Reddito vuol dire lavoro, lavoro vuol dire controllo su chi possiede la propria forza intellettuale e fisica come risorsa economica principale. Il lavoro è tendenzialmente stanziale, la ricchezza è sempre di più apolide. In natura e nella nostra storia è sempre stato più facile colpire chi, perché stanco o incatenato, non si muove.

  • Quanto può incidere nella riduzione della spesa la drastica diminuzione del numero delle società partecipate su cui si è recentemente legiferato?

Dopo una sequenza infinita di parole, di concetti, di riflessioni, di speranze, vorremmo rispondere a questa domanda con un asettico calcolo matematico, da leggere sempre nella nostra prospettiva.

Risparmio totale stimato: dai 2 ai 3 miliardi di euro all’anno: lo 0,1% del nostro debito pubblico, meno di tre settimane di interessi annui sul debito pubblico (considerando che, grazie alla BCE, gli interessi pagati nel 2016 sono stati 68 miliardi di euro).
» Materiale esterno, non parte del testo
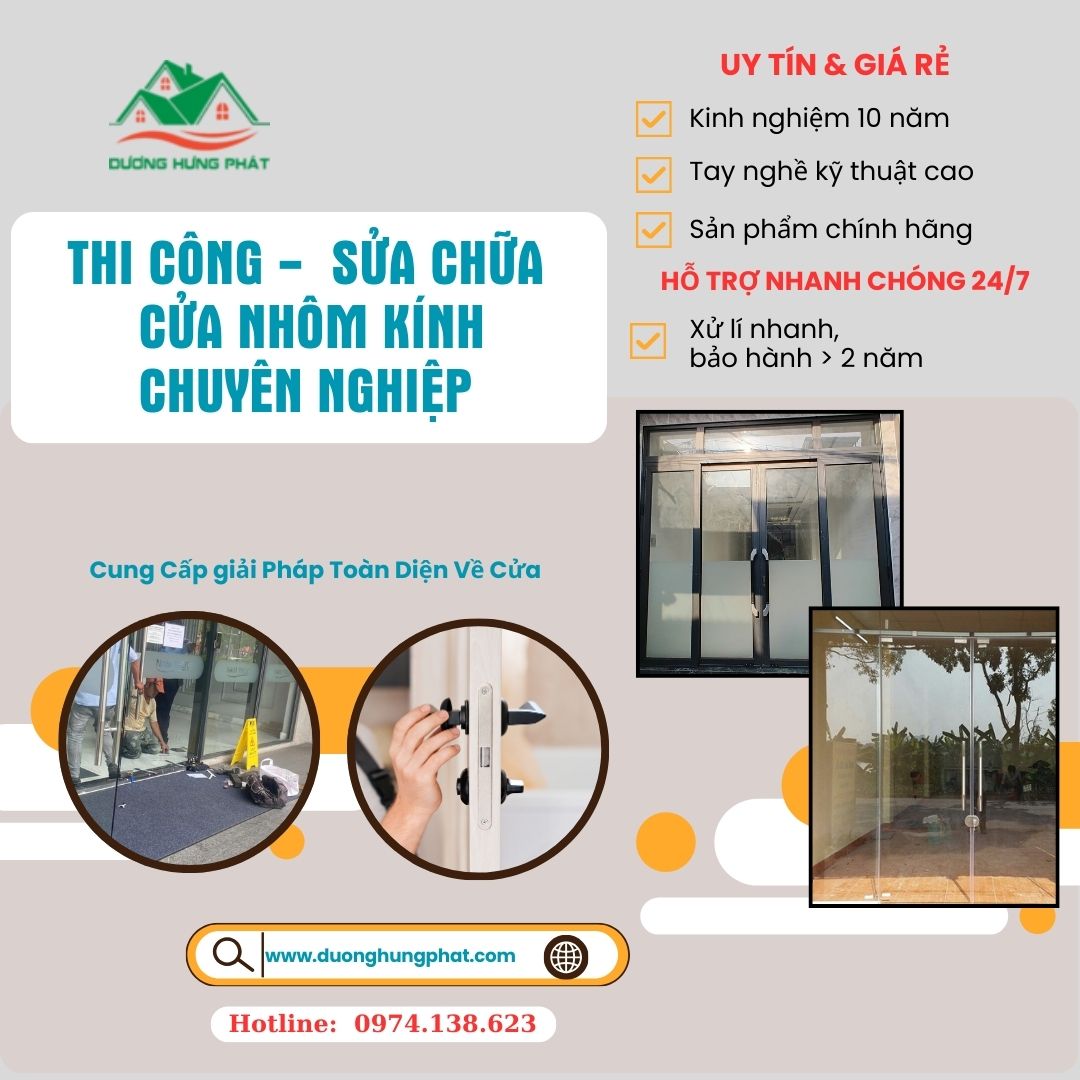 thi công sửa chữa cửa nhôm kính uy tín quận 8 tphcm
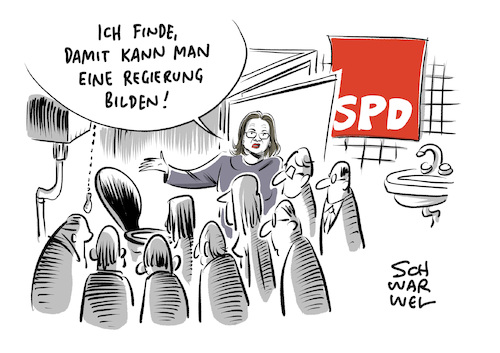 Cartoon: Nahles GroKo Sondierung (medium) by Schwarwel tagged groko,große,koalition,bundestagswahl,2017,wahl,spd,partei,parteien,cdu,csu,fdp,die,linke,grüne,nahles,martin,schulz,zwergensuaftsand,regierungsbildung,neuwahlen,nogroko,jusos,landesparteitag,merkel,klo,toilette,politik,deutschland,politiker,politikerin,parteichefin,sondierung,sondierungsgespräche,thesenpapier,sondierungspapier,fraktion,fraktionschefin,parteilinke,koalitionsverhandlungen,sonderparteitag,karikatur,schwarwel,groko,große,koalition,bundestagswahl,2017,wahl,spd,partei,parteien,cdu,csu,fdp,die,linke,grüne,nahles,martin,schulz,zwergensuaftsand,regierungsbildung,neuwahlen,nogroko,jusos,landesparteitag,merkel,klo,toilette,politik,deutschland,politiker,politikerin,parteichefin,sondierung,sondierungsgespräche,thesenpapier,sondierungspapier,fraktion,fraktionschefin,parteilinke,koalitionsverhandlungen,sonderparteitag,karikatur,schwarwel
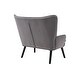 preview thumbnail 7 of 7, Modern High Back Accent Chair, Comfortable Fabric Padded Seat, Round Arms, Button Tufting, Wood Frame, Living Room Chair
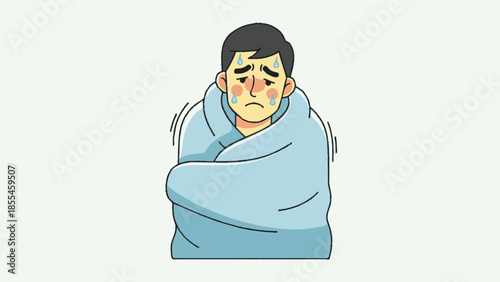 Child Experiencing Cold and Discomfort Wrapped in a Blanket Illustration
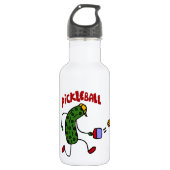 Funny Pickle Spelling Pickleball Action Design Waterfles (Voorkant)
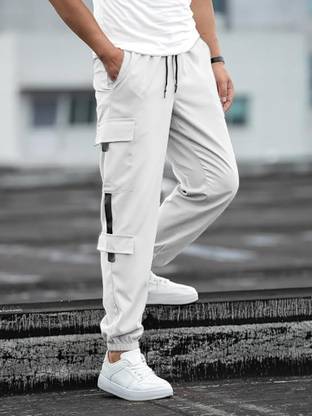 MACK JONNEY Solid Men White Track Pants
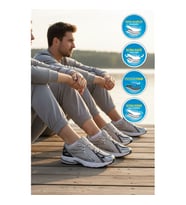 Walkway 1505 Ruth Hafızalı Taban Hafif Esnek Siyah Beyaz Unisex Spor Ayakkabı
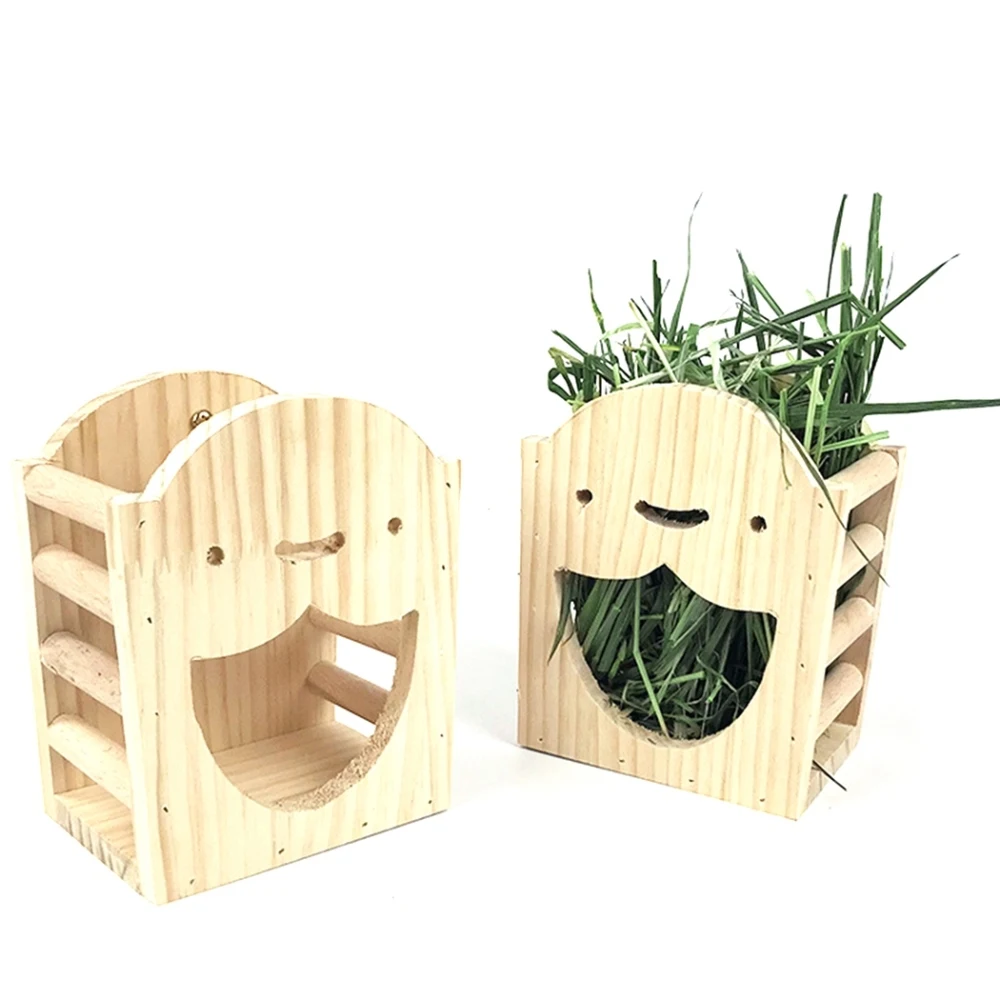 Rabbit Hay Feeder Chinchilla Rabbit Food Dispenser Wooden Cute Shape Bunny Hay Manger Rabbit Hay Rack for Cage - Image 8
I dati cui qui di seguito facciamo riferimento sono stati presentati il 1° settembre 2014, all’interno del programma di razionalizzazione delle partecipate locali, nell’ambito degli interventi del Commissario Straordinario per la revisione della spesa. Ebbene, le partecipate locali sono 8.000, di cui 1.250 non operative. Le 6.750 partecipate possono ridursi di 800 unità per effetto della estensione del divieto di partecipazioni indirette ai servizi pubblici privi di rilevanza economica; altre 900 partecipate possono essere chiuse perché ad una certa data avevano dimensioni ridotte in termini di fatturato e/o dipendenti. Ne restano 5.050. Si possono ridurre ulteriormente a 4.050 applicando il divieto di partecipare in società in cui il "pubblico", nel suo complesso, non raggiunga almeno una quota del 10 percento; una ulteriore riduzione di 650 unità deriva poi dal vincolo di detenzione da parte dei comuni in cui la popolazione totale non raggiunge i 30.000 abitanti. Le 3.400 restanti possono ancora scendere a 3.000 applicando varie misure sui servizi a rete. La limitazione dei settori di attività per cui la semplice delibera da parte dell’amministrazione controllante è sufficiente a rendere possibile il mantenimento di una partecipata riduce il totale di altre 1.350 unità. Le 1.650 superstiti vengono quindi ridotte a 1.000 applicando altre misure suggerite all’interno del citato programma di razionalizzazione. L’obiettivo di distrarre le masse (e non solo) è stato, ancora una volta, raggiunto. L’effetto anestetizzante dell’ideologia della finanza continua.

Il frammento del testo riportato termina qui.